Synopsis

The exponential distribution can be simulated in R with rexp(n, lambda) where lambda is the rate parameter. The mean of exponential distribution is 1/lambda and the standard deviation is also also 1/lambda. Set lambda = 0.2 for all of the simulations. This simulation investigates the distribution of averages of 40 exponential(0.2)s. In this simulation, we investigate the distribution of averages of 40 numbers sampled from exponential distribution with lambda=0.2.

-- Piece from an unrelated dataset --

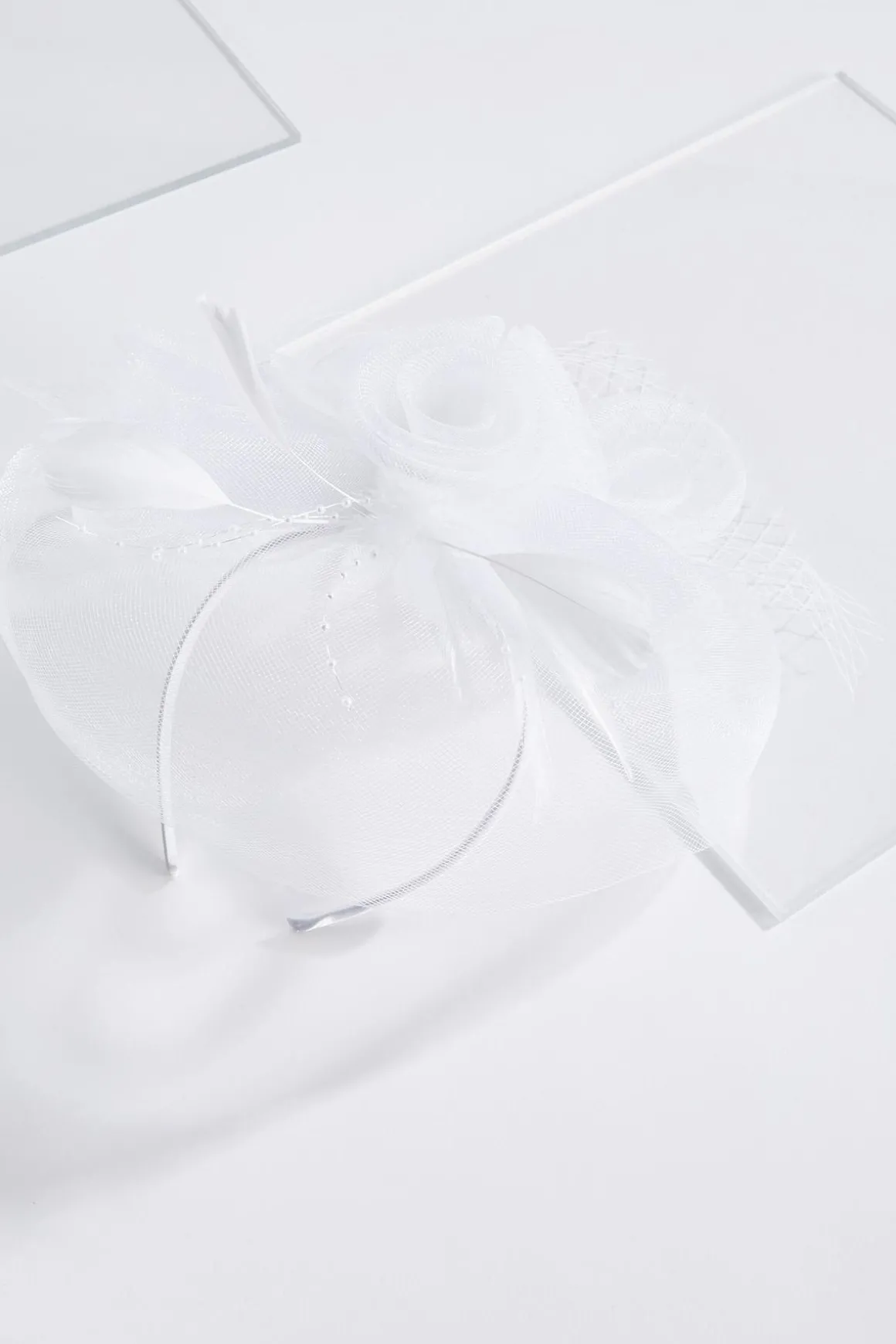 Rosette Feather Pearl Fascinator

The code below calculates 1000 simulated averages of 40 exponentials:

library(ggplot2)
set.seed(3)
lambda <- 0.2
num_sim <- 1000
sample_size <- 40
sim <- matrix(rexp(num_sim*sample_size, rate=lambda), num_sim, sample_size)
row_means <- rowMeans(sim)

The code for the distribution of the means is as below:

# plotting the histogram of averages:
hist(row_means, breaks=50, prob=TRUE,
     main="Distribution of averages of samples,
     drawn from exponential distribution with lambda=0.2",
     xlab="")
# density of the averages of samples:
lines(density(row_means))
# theoretical center of distribution:
abline(v=1/lambda, col="red")
# theoretical density of the averages of samples:
xfit <- seq(min(row_means), max(row_means), length=100)
yfit <- dnorm(xfit, mean=1/lambda, sd=(1/lambda/sqrt(sample_size)))
lines(xfit, yfit, pch=22, col="red", lty=2)
# adding legends 
legend('topright', c("simulation", "theoretical"), lty=c(1,2), col=c("black", "red"))

plot of chunk unnamed-chunk-2

Due to the central limit theorem, the averages of samples follow normal distribution. The figure above also shows the density computed using the histogram and the normal density plotted with theoretical mean and variance values. Also, the q-q plot below suggests the normality.

qqnorm(row_means); qqline(row_means)

plot of chunk unnamed-chunk-3

Evaluatation of the coverage of the confidence interval for 1/lambda:

lambda_vals <- seq(4, 6, by=0.01)
coverage <- sapply(lambda_vals, function(lamb) {
  mu_hats <- rowMeans(matrix(rexp(sample_size*num_sim, rate=0.2),
                             num_sim, sample_size))
  ll <- mu_hats - qnorm(0.975) * sqrt(1/lambda**2/sample_size)
  ul <- mu_hats + qnorm(0.975) * sqrt(1/lambda**2/sample_size)
  mean(ll < lamb & ul > lamb)
})

library(ggplot2)
qplot(lambda_vals, coverage) + geom_hline(yintercept=0.95)

plot of chunk unnamed-chunk-4